Des étudiant·es et professeur·es pris au piège
Le témoignage de Laura* (son prénom a été changé pour garantir son anonymat), étudiante à l’ESJ Paris, fait écho aux inquiétudes d’Alexis Lévrier. Les étudiants, tout comme les professeur·es, ont appris la nouvelle dans les médias. Laura* a découvert le rachat en ouvrant les messages de son groupe de classe « On était tous un peu choqués, c’était une grosse surprise pour tout le monde ». Elle se sent piégée « L’année coûte à peu près 8000 euros, c’est assez cher. Une fois qu’on a payé, on est engagés » et dénonce l'assimilation faite entre les valeurs des étudiant·es et ce projet idéologique « J’ai vu sur Twitter que plein de gens ne faisait pas la différence entre nous, les étudiants qui n’avons rien demandé, et l’administration qui a fait ce choix ».

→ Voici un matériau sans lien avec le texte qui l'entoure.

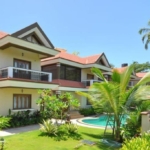 3 BHK Independent House Bungalow Villas For Sale in Marra Bardez Goa North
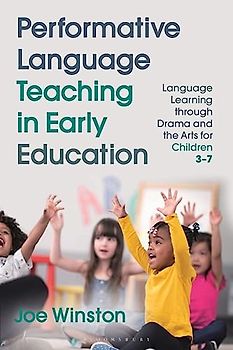 Performative Language Teaching in Early Education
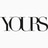 Yours Clothing logo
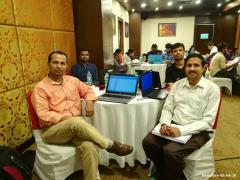 Bangalore GB Jun 18 - Team 2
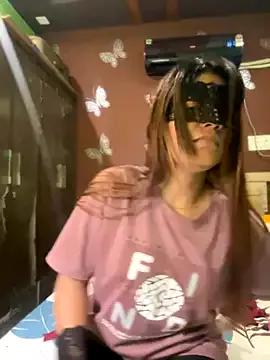 Freechat Hotty-Jannat on StripChat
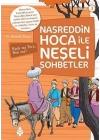 Nasreddin Hoca İle Neşeli Sohbetler 3 - Eşek Mi Ters, Ben Mi?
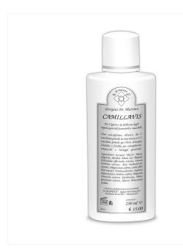 CAMILLAVIS 250ML - farmanauta.it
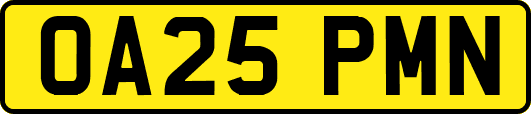 OA25PMN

Contacté par mail, un intervenant de l’ESJ Paris nous confie également sa surprise au moment de l’annonce « même si on savait que des repreneurs se manifestaient régulièrement et que des négociations étaient en cours, on imaginait pas du tout ce type de configuration de reprise ». Pour lui, il ne s’agit pas d’une bonne nouvelle « on sait qu’ils [les milliardaires] n'investissent jamais dans l'information par philanthropisme ». Même si aucun changement n’a pour l’instant été annoncé, il s’inquiète d’une « politique de conformisation à la vision médiatique des milliardaires que l'on connaît bien ». Pour autant, il tient à rappeler que - à la différence du JDD ou d’I-télé - Bolloré n’a pas racheté à 100% l’établissement et que des contrepoids existent au sein du Conseil d’Administration. Il mentionne la directrice pédagogique actuelle qui aurait été « très claire sur le fait qu'elle s'opposerait à tout changement qui n'irait pas dans le bon sens ». Il cite également l’entreprise Bayard - pas de chance, elle finit par se rétracter le 2 décembre.

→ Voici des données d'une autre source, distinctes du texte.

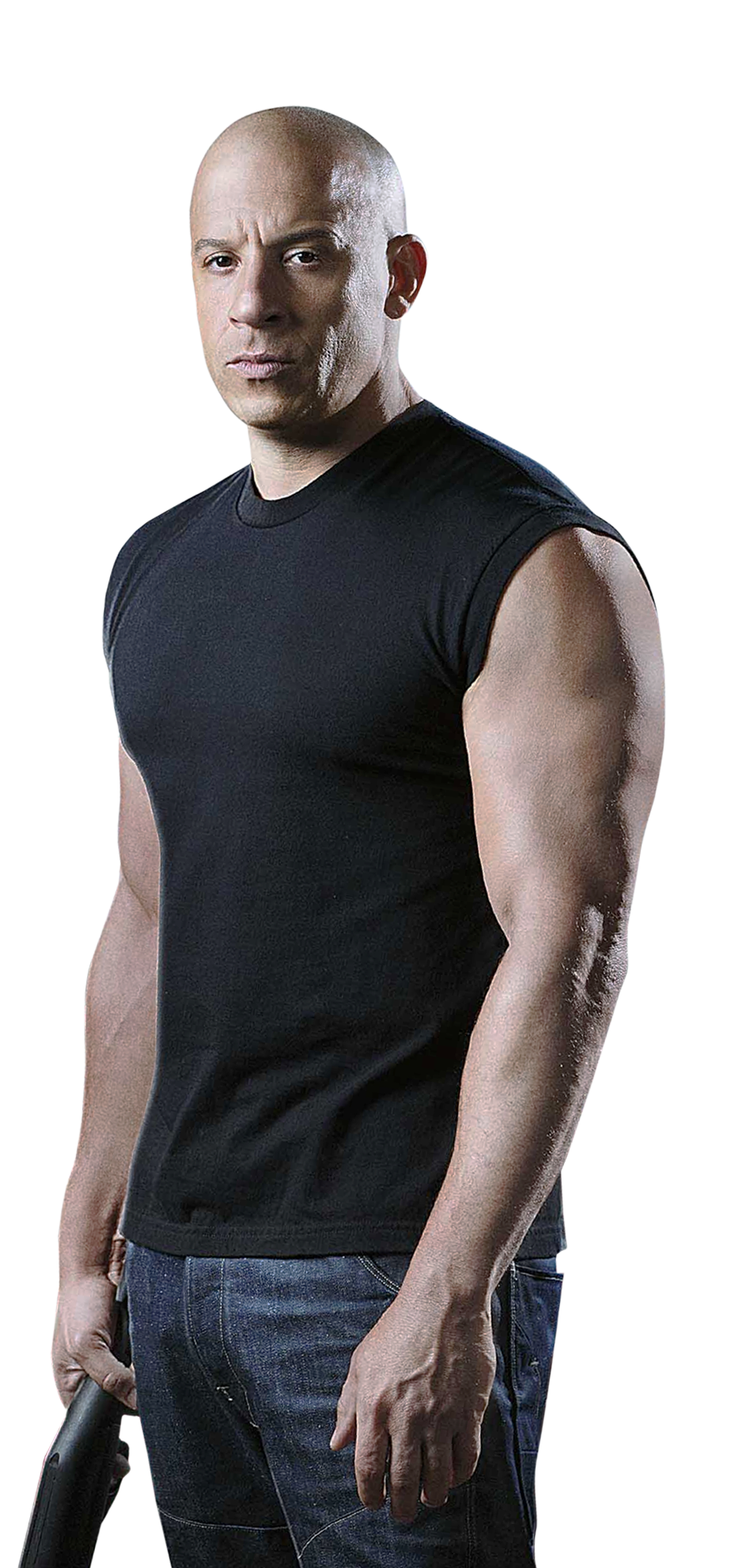 Dominic Toretto Png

Malgré une administration qui se veut rassurante et affirme que ce rachat n’impactera pas la qualité des enseignements, Laura* craint des départs de professeurs “Pour l’instant on ne voit pas beaucoup de changements mais il y a certains profs où on se demande s’ils ne vont pas partir.” Elle reconnaît tout de même que ce changement d'actionnariat va permettre d’améliorer le cadre d’études “Le seul bon point qu’on trouvait avec les autres élèves, c’est qu’on aura accès à des meilleurs locaux, on aura du meilleur matériel”.
Un métier qui se précarise
Finalement, le rachat de l’ESJ Paris « plus qu’un symptôme, c’est un pied dans la porte ». Même si ce n’est pas la première fois que les milliardaires se tournent vers les écoles de journalisme - pensons par exemple à l’Institut Libre de Journalisme financé par le milliardaire réactionnaire Pierre-Edouard Stérin -, elles restaient jusqu’ici indépendantes. Cette nouvelle a de quoi inquiéter quand on sait qu’aucune mesure n’est prise pour plafonner ces investissements ou garantir l’indépendance de gouvernance au sein des institutions médiatiques. Les écoles de journalismes, reconnues ou non, restent un lieu d’apprentissage de la profession et ne doivent pas subir des ingérences de la part des actionnaires.
Face à un métier qui se précarise, l’opportunité d’accéder à de grands médias possédés par les actionnaires de ces établissements parait être alléchante : les étudiant·es en école de journalisme pourraient se retrouver contraints à faire un choix entre leur conscience et leur porte monnaie.